First, Abe brought stability after a long period of short-term leaders, including his earlier scandal-marred stint of less than a year. In the quarter-century before his second term began in 2012, there had been 17 prime ministers, with only Junichiro Koizumi lasting more than three years. People were seeking stability, and with almost eight years in office, Abe provided it.

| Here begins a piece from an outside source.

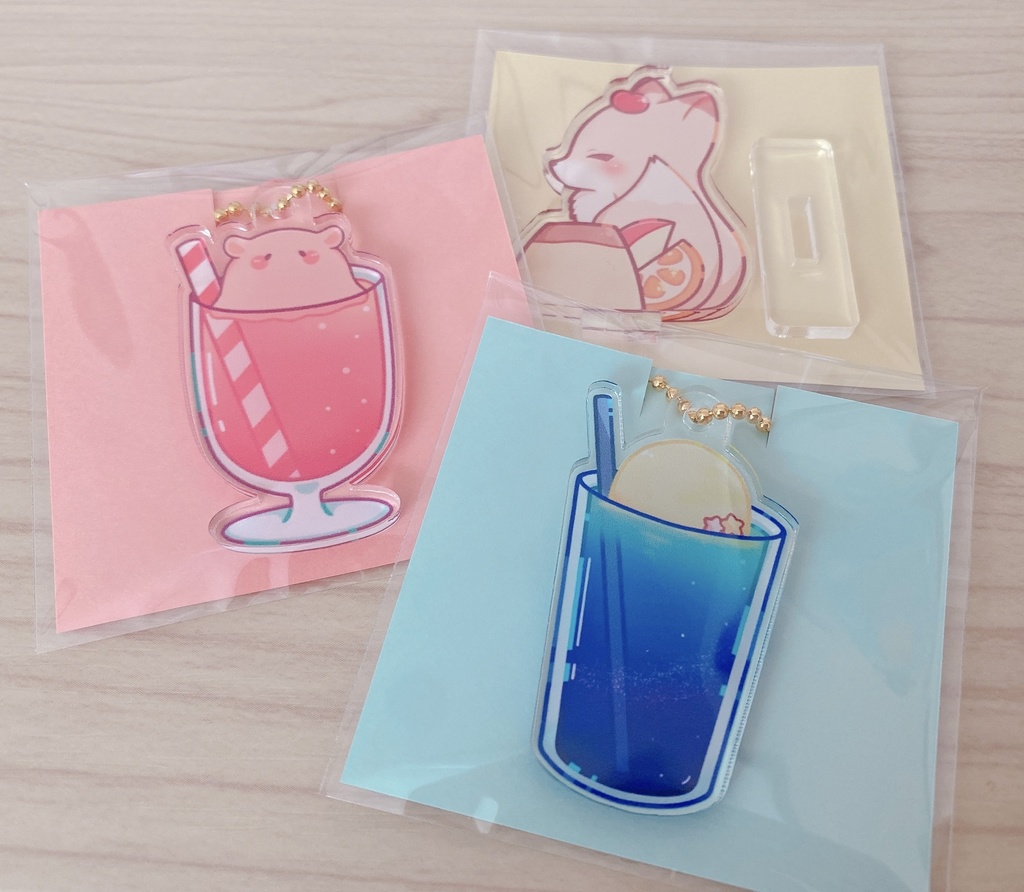 アクキー・アクスタ（ドリンク・スイーツ）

Economic priority, diplomatic skill
Second, from the outset, Abe prioritized economic growth. A stellar economy in the 1950s through 1980s, Japan’s GDP growth fell to almost nothing in “lost decade” of the 1990s, and the lethargy lingered with chronic deflation. Abe’s advisors formulated a “three arrow” plan of monetary easing, fiscal stimulus, and structural reforms. Critics would find “Abenomics” at best only partially successful, leaving behind huge government deficits and adding more to corporate profits than wages. But it gave hope. Measures of consumer confidence and national economic prospects rose, helping Abe maintain a strong positive approval rating during his first four years, far longer than predecessors.

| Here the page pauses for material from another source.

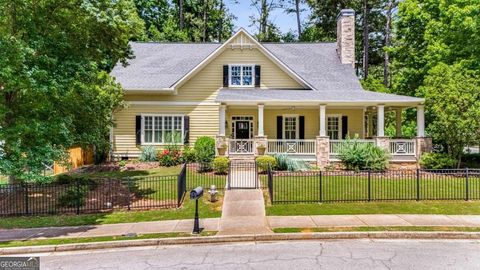 A home in Atlanta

Third, he presided over a deft Asia policy designed both to balance China, a regional competitor, and also to reduce the worst tensions in Sino-Japanese relations. Under Abe, Japan built regional political and economic partnerships. It lay foundations for the “Indo-Pacific” concept, prior to the American one, as well as promoted the loose “Quad” grouping with India, Australia, and the United States. Meant to protect Japan’s sea lanes and implicitly balance China, Abe’s policy also lowered the temperature around a territorial dispute with Beijing over three rocky islets. He did this by acknowledging that China claimed them, but ceding nothing in terms of Japan’s sovereignty.
Among his other achievements, Abe’s Japan assumed the leadership for implementing the previously US-led Trans-Pacific Partnership trade deal after President Trump ditched it. At the same time, Japan was a partner in the Regional Comprehensive Economic Partnership, an Asian trade initiative including China. It has also quietly promoted its own infrastructure development programs for developing Asian economies, sometimes in partnership with the United States.

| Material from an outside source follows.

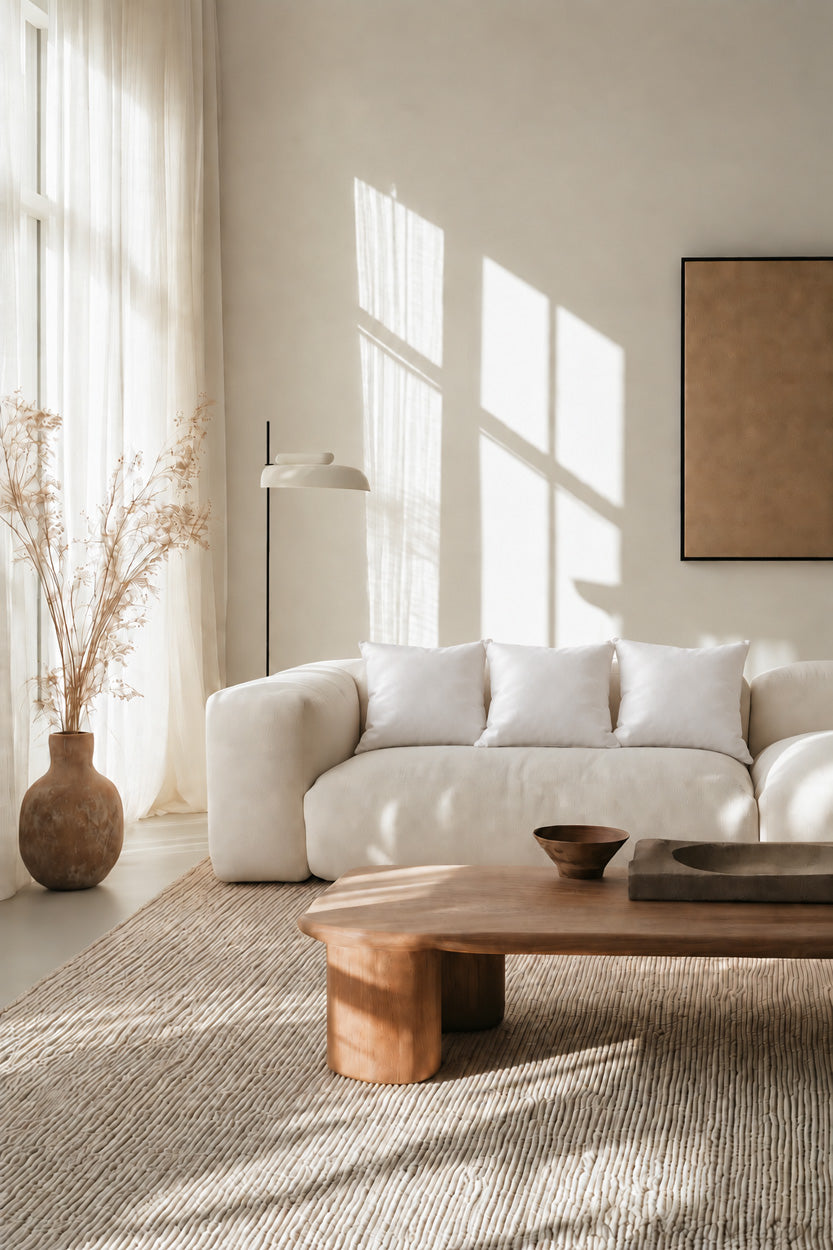 White Inner Cushion Square - 60x60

Fourth, Abe was often deemed the most adept foreign leader in handling the unpredictable Trump. The importance of the US relationship to Japan can hardly be underestimated, and Abe’s efforts were designed more to contain damage rather than lay out new bilateral initiatives.
He became the first foreign leader to visit the president-elect and assiduously worked to forge a symbolic personal relationship around golf, hamburgers, matching outfits, and many meetings. While Japan did not escape criticism over trade surpluses or defense burden-sharing, Trump perceived Abe as a positive, compatible leader. If not for Abe, Trump-Japan relations undoubtedly could have mirrored those with Angela Merkel or some other G7 partners.
Push for constitutional change
Abe was often perceived more favorably abroad than at home. During his last three years, his popularity fell, with approval ratings hovering around 50 percent. His tenure was rocked by periodic scandals, and some saw him as a would-be authoritarian. His continuation in office may have reflected less his abilities than the lack of the alternatives in the opposition or his own party.
Most Japanese prime ministers try to reflect, rather than lead, consensus. Like Yasuhiro Nakasone or Koizumi before him, Abe projected a nationalistic vision of a Japan as a more “normal” country. Pushing for this vision, he made changes in coordination by creating a national security council, interpretation of the constitution, and defense spending that expanded Japan’s security role.
Some believe his most lasting legacy, based on his party’s new Diet majority following the recent election, will be the realization of his long-desired amending of the restrictive postwar constitution. Not just his nudging, but generational change, uncertain geopolitical terrain, and US pressures have been pushing Japan in this direction. When it happens, he’s likely to get the credit—or in some eyes, the blame.